Supercritical fluids or solutions exist when the temperature and pressure of a solution are above its critical temperature and pressure. In this state, there is no differentiation between the liquid and gas phases and the fluid is referred to as a dense gas in which the saturated vapor and saturated liquid states are identical. Near supercritical fluids or solutions exist when the reduced temperature and pressure of a solution are both greater than 80% of their critical point but the solution is not yet in the supercritical phase. Due to their high density, supercritical and near supercritical fluids possess superior solvating properties.

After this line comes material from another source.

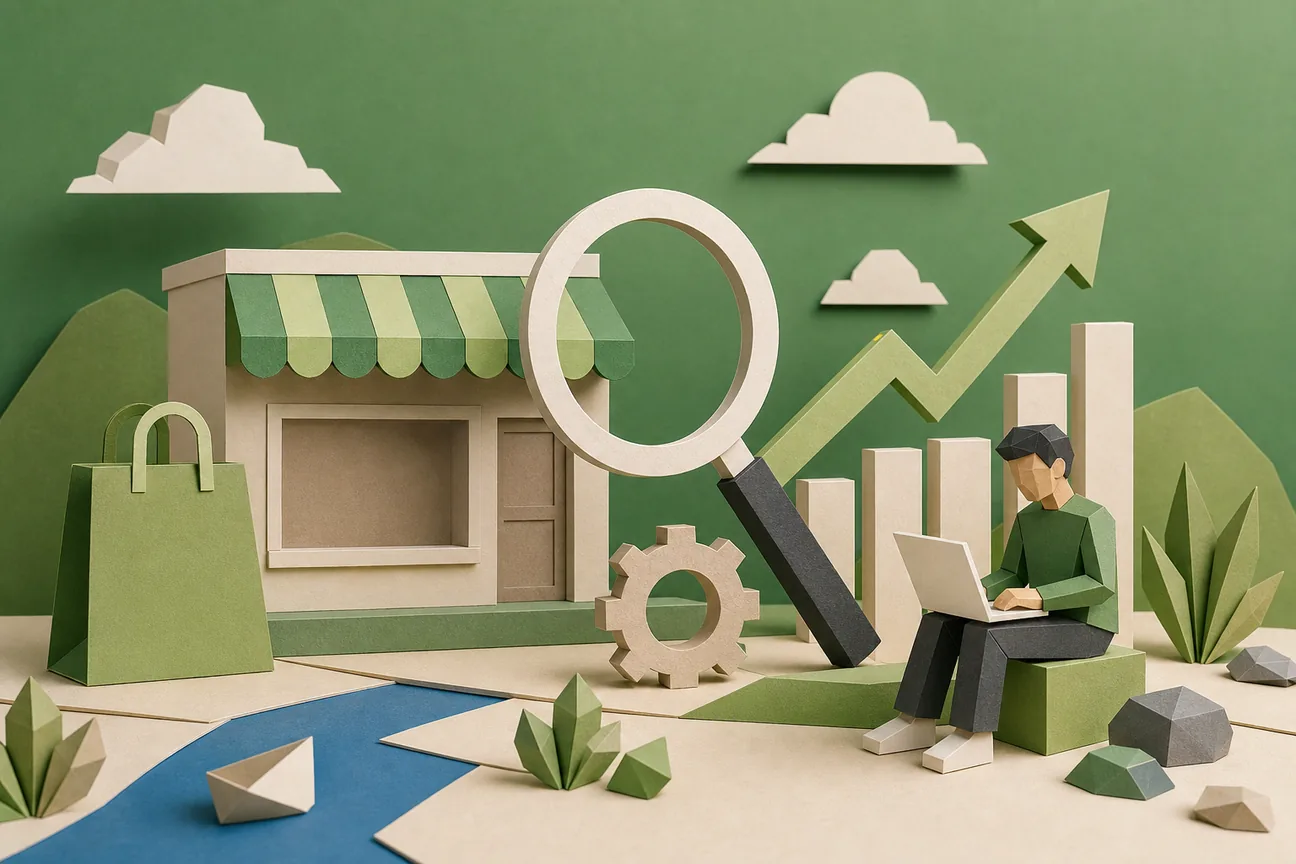 Papercraft illustration of Best Shopify SEO Expert Services for Stores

Supercritical fluids have been used in thin film processing as developer reagents or extraction solvents. Morita et al. (U.S. Pat. Nos. 5,185,296 and 5,304,515) describe a method in which supercritical fluids are used to remove unwanted organic solvents and impurities from thin films deposited on substrates. Allen et al. (U.S. Pat. No. 5,665,527) describe a high resolution lithographic method in which a supercritical fluid is used to selectively dissolve a soluble unexposed portion of polymeric material from a substrate, thereby forming a patterned image. In recognition of the superior solvating properties of supercritical fluids, Steckle et al. (U.S. Pat. No. 5,710,187) describe a method for removing impurities from highly cross-linked nanoporous organic polymers.

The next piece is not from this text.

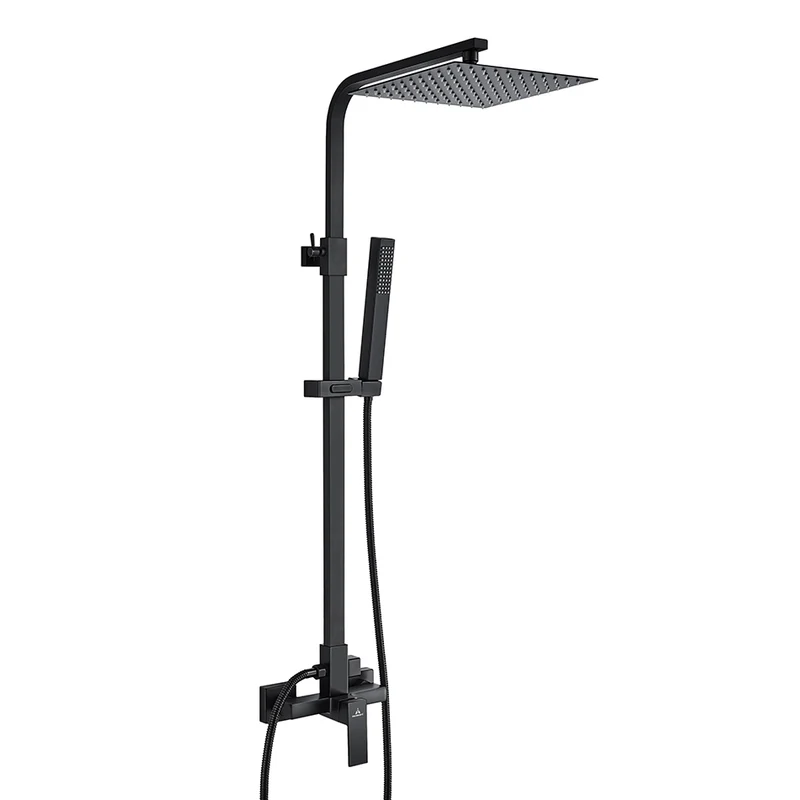 Conjunto Ducha Monomando LUXOR Aquassent | Cromo Brillante y Negro | Rociador Cuadrado | 95-140cm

Methods for depositing thin films using supercritical fluids also have been reported. Murthy et al. (U.S. Pat. No. 4,737,384) describe a method for depositing metals and polymers onto substrates using supercritical fluids as the solvent medium. Sievers et al. (U.S. Pat. No. 4,970,093) describe a chemical vapor deposition method (CVD), in which a supercritical fluid is used to dissolve and deliver a precursor in aerosol form to a conventional CVD reactor. Watkins et al. (U.S. Pat. No. 5,789,027) describe a method termed Chemical Fluid Deposition (CFD) for depositing a material onto a substrate surface. In this method, a supereritical fluid is used to dissolve a precursor of the material to be deposited. Once dissolved, a reaction reagent is introduced that initiates a chemical reaction involving the precursor, thereby depositing the material onto the substrate.
Although the above-mentioned methods take advantage of supercritical fluids as mediums for reagent transport, reaction, and removal of impurities, what is lacking in the art are more reliable and practical apparatus and methods for providing a high concentration of precursor to a process chamber. Conventional methods and apparatus may provide a solid precursor directly to the process chamber. The precursor may then be melted or dissolved in the process chamber, possibly by heating the precursor. Some of the difficulties of such processes are the difficulty of measuring solid precursor and delivering solid precursor to a process chamber. In addition, many solid precursors have melting points, which are near or above their thermal decomposition temperatures thus preventing them from being stored as liquids for long periods of time.
What are therefore needed are improved apparatus and methods for providing precursor in a process chamber.